Adapun dana Rp200 triliun itu dibagi masing-masing Rp55 triliun ke Bank Mandiri, BRI, dan BNI.


Kemudian, BTN mendapatkan Rp25 triliun dan BSI Rp10 triliun. 


Didik menilai, penempatan dana tersebut melanggar konstitusi dan beberapa UU yang berlaku.


"Kebijakan spontan pengalihan anggaran negara Rp 200 triliun ke perbankan dan kemudian masuk ke kredit perusahaan, industri atau individu merupakan kebijakan yang melanggar prosedur yang diatur oleh Undang-Undang Keuangan Negara dan Undang-Undang APBN, yang didasarkan pada Undang-Undang Dasar," ujar Didik dalam siaran pers kepada Republika di Jakarta, Senin (15/9/2025).


Ia menekankan, proses penyusunan, penetapan, dan alokasi APBN diatur oleh tiga hal. 


Pertama UUD 1945 Pasal 23, berikutnya Undang-Undang (UU) Nomor 17 Tahun 2003 tentang Keuangan Negara, dan terakhir UU APBN setiap tahun. 


Aturan itu adalah prosedur resmi dan aturan main ketatanegaraan yang harus dijalankan.


"Karena anggaran negara masuk ke dalam ranah publik. Anggaran negara bukan anggaran privat atau anggaran perusahaan," ujar Didik.


Ekonom senior Indef tersebut menyebut, proses kebijakan yang benar harus dijalankan berdasarkan aturan main. 


Pasalnya, jika tidak maka pada masa mendatang akan menjadi preseden anggaran publik dipakai seenaknya, semau gue, dan sekehendak pejabatnya secara individu.
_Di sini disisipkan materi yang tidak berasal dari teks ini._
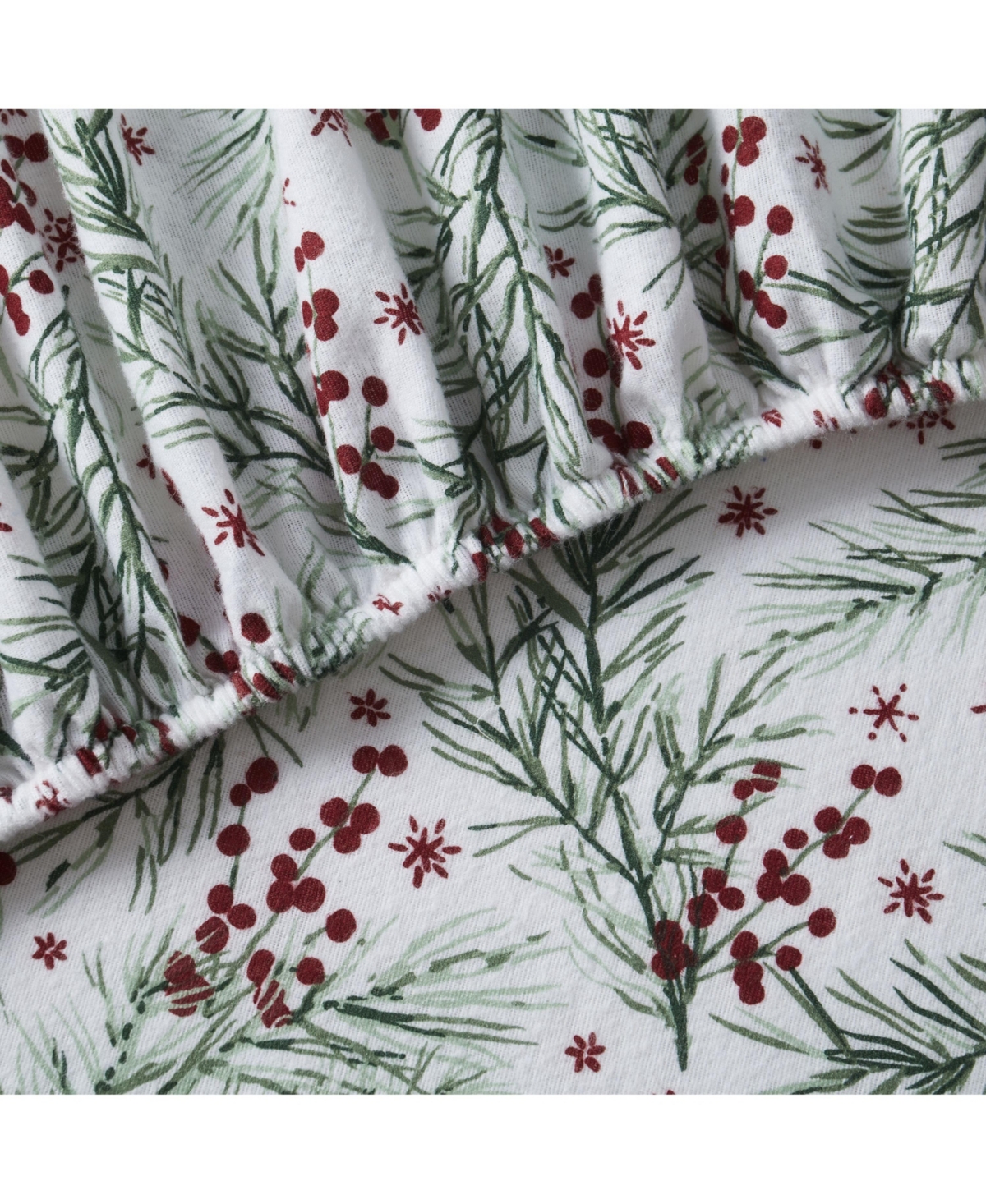 Kate Aurora Holiday Essentials Cozy Bed Collection Deep Pocket 100% Cotton Flannel ChristmasPines 4 Piece Sheet Set - - Red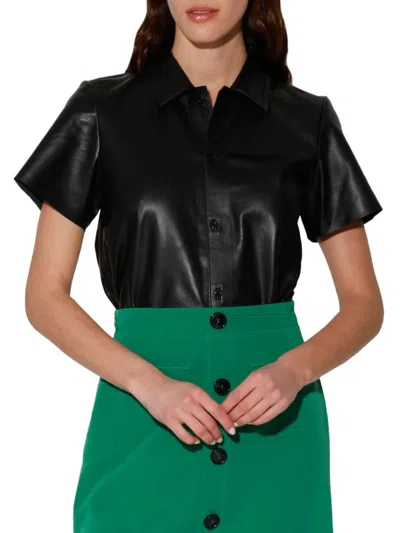 Walter Baker Women's Eros Leather Button Up Top In Black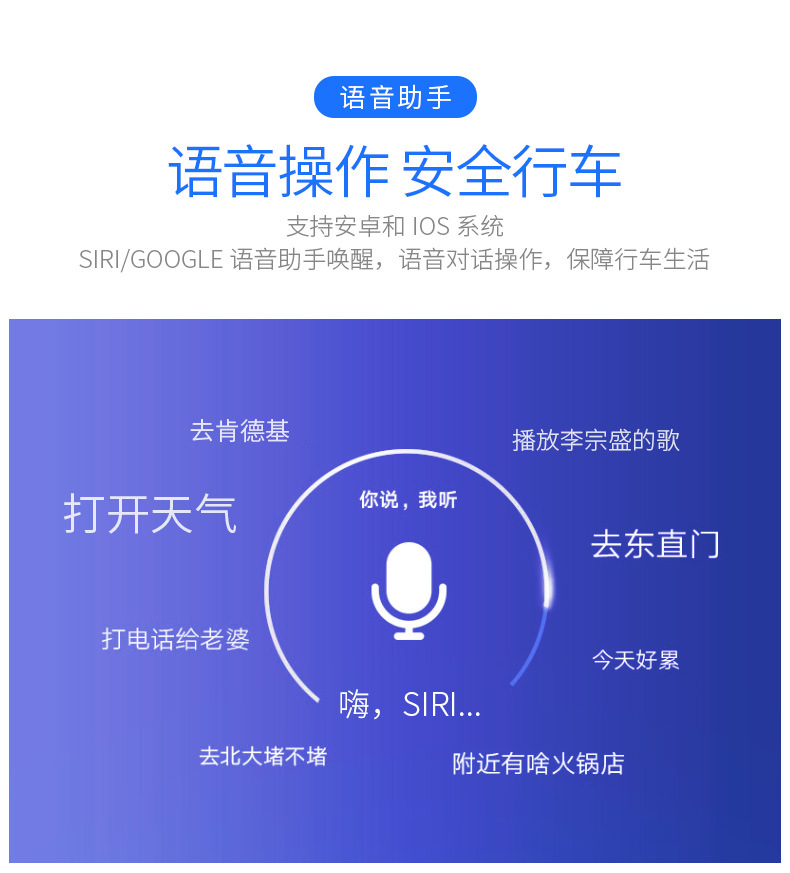 New car-mounted Bluetooth MP3 FM transmitter with QC3.0, colorful ambient lighting, and voice assistant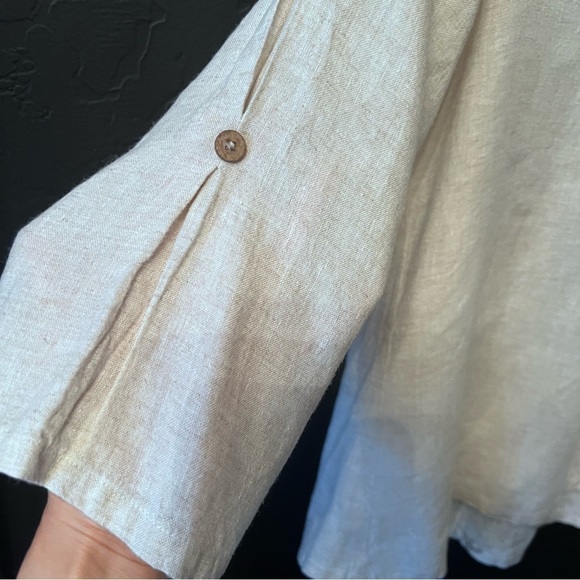 Paper Lacer women blouse Size: S color: Beige 100% Linen - Picture 6 of 11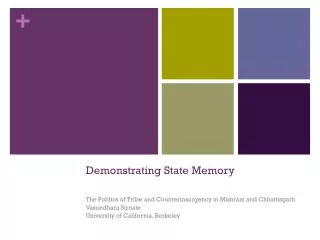 Demonstrating State Memory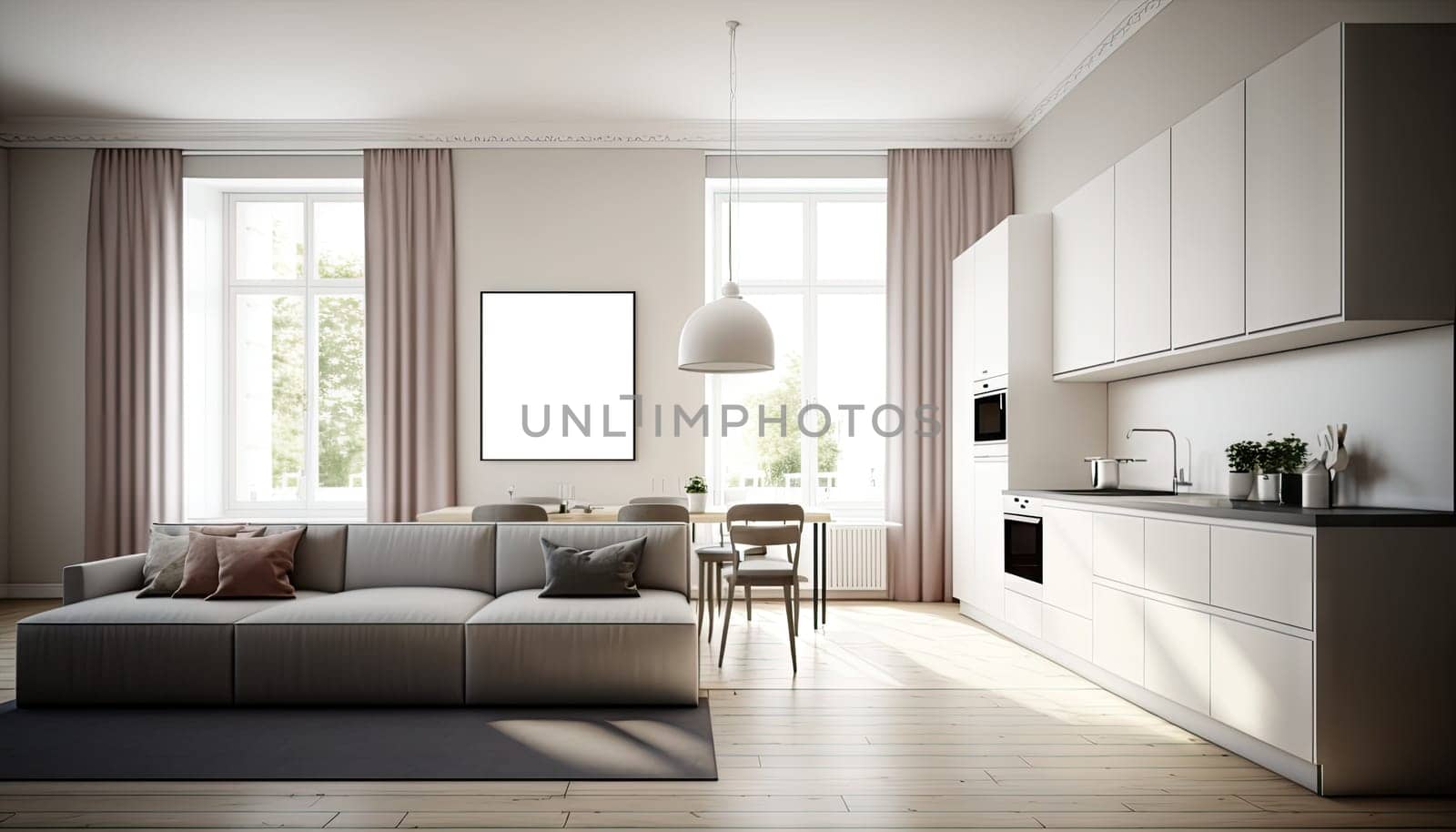 Modern white apartment, living room and kitchen with large window and decoration. Generative AI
"Alokasi anggaran negara tidak bisa dijalankan atas perintah menteri atau perintah Presiden sekalipun. Pejabat-pejabat negara tersebut harus taat aturan menjalankan kebijakan sesuai rencana kerja pemerintah (RKP), yang datang dari kementerian/lembaga dan pemerintah daerah. Tidak ada tiba-tiba program datang nyelonong di tengah-tengah semaunya," jelas Didik.


Menurut Didik, program-program yang disusun teratur ada di dalam nota keuangan yang secara resmi diajukan oleh pemerintah kepada DPR


Karena anggaran negara ialah ranah publik, sambung dia, proses politik lewat legislasi dinilai mesti dijalankan bersama oleh DPR dengan pembahasan-pembahasan di setiap komisi dengan menteri-menteri dan badan anggaran.